皆さんの会社にも必ず1人はいる、理路整然と常に「正しい」ことを言う部下。
その指摘は一見すると頼もしい一方のですが、なぜか周囲に後味の悪さを残すことがあります。その理由は、本人が「正しさ」というナイフの遣い方を誤っているからかもしれません。
先日、ある若手コンサルタントから、元同僚の話を聞きました。その同僚(Aさんとします)は、日報で上司の間違いを「正論」で指摘し続け、結果として上司の敵意と周囲の萎縮を招き、職場全体の活力を奪ってしまったそうです。
Aさんの行動は、本来の目的である「組織改善」ではなく、「相手を論破し、自らの正しさを証明する」こと自体が目的となる「手段の目的化」に陥っていました。
そうなると、指摘はもはや「アドバイス」ではなく「攻撃」としか受け取られなくなります。
では、その「正しさ」を、組織を生かす「メス」として、どう使えばプロフェッショナルだったのか。
本当に価値のある指摘には、共通する要素があります。
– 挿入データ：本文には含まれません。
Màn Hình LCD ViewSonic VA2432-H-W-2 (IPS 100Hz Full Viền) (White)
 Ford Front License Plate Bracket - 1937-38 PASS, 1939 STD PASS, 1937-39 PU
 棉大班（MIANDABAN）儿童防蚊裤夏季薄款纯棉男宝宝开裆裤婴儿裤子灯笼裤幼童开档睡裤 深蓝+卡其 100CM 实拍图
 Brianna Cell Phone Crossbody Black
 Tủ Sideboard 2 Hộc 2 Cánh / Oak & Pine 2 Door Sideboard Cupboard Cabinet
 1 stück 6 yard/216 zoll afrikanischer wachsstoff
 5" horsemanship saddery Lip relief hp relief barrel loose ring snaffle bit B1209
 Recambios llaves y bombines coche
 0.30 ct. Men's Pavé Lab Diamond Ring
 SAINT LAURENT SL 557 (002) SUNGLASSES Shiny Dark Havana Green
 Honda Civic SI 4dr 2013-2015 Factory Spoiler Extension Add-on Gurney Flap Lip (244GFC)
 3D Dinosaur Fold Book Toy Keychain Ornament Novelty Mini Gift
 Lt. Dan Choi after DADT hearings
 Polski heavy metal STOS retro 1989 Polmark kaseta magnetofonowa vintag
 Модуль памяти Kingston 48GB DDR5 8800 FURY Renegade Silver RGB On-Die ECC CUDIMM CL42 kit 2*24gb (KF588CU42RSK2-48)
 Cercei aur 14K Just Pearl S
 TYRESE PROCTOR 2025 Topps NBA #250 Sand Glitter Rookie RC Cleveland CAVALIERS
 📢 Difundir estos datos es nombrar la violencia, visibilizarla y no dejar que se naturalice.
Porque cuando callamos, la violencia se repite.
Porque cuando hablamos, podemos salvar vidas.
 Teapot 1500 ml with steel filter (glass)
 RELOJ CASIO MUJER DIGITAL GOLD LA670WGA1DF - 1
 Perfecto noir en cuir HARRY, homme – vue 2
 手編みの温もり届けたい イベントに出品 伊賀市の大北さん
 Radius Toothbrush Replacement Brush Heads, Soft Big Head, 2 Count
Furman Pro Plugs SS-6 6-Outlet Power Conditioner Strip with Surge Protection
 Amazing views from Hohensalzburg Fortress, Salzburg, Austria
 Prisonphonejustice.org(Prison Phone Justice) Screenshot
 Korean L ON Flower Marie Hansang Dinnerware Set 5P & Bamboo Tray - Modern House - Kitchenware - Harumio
それは、
①目的が「組織改善」であること
②相手への「敬意」を忘れないこと
③「タイミングと伝え方」を戦略的に選ぶこと
そして何より、
④指摘を相手の未来への「気づき」という贈り物(資産)として渡す意識
この4つではないかと思います。
「正しいこと」を言うだけでは、人の心は動きません。その正しさを、相手の成長と組織の発展に繋がる「価値」へと昇華させること。それこそが、プロフェッショナルに求められる真の能力だと思います。